最新消息:20210816 当前crifan.com域名已被污染,为防止失联,请关注(页面右下角的)公众号

[已解决]swift去除nbsp的乱码

iOS crifan 3792浏览 0评论

app中收发消息,有些有@名字后面的nbsp,是来自于web端产生的:

<a ng-click="selectMessageType(0);openChat(‘user-93dcd6b9-ff71-4cb3-8bf9-3f516f0de1a8’)" style="color:#1878c7;font-weight:bold;" class="ng-scope">@Anglia</a>

<span class="ng-scope">‍&nbsp;只是测试at功能</span>

此处iOS的app内收到的是:

"text" : "@Anglia 只是测试at功能",

用TextView显示,对于nbsp则是乱码:

此处的目的是:

对于收到的文本String,检测其中如何包含

nbsp的Unicode字符串

则就直接替换为空格

swift unicode nbsp

json – How do I decode HTML entities in swift? – Stack Overflow

此处,得知:

"&nbsp;"    : "\u{00a0}"

Unicode Character ‘NO-BREAK SPACE’ (U+00A0)

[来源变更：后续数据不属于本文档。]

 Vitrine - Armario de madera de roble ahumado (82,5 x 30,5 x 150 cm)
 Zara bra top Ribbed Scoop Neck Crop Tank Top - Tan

swift decode html entities

How do I encode HTML entities in swift 2.0? – Stack Overflow

GitHub – TheFlow95/DecodeHTML.swift: A String extension to decode HTML entities to string

结果此处代码:

extension String {

    var decodedHtml:String {

        var decodedHtmlStr = self

        print("decodedHtmlStr=\(decodedHtmlStr)")

        do {

            if let encodedData = decodedHtmlStr.dataUsingEncoding(NSUTF8StringEncoding) {

                let attributedOptions : [String: AnyObject] = [

                    NSDocumentTypeDocumentAttribute        : NSHTMLTextDocumentType,

                    NSCharacterEncodingDocumentAttribute    : NSUTF8StringEncoding

                ]

                print("attributedOptions=\(attributedOptions)") //["DocumentType": NSHTML, "CharacterEncoding": 4]

                let attributedString = try NSAttributedString(data: encodedData, options: attributedOptions, documentAttributes: nil)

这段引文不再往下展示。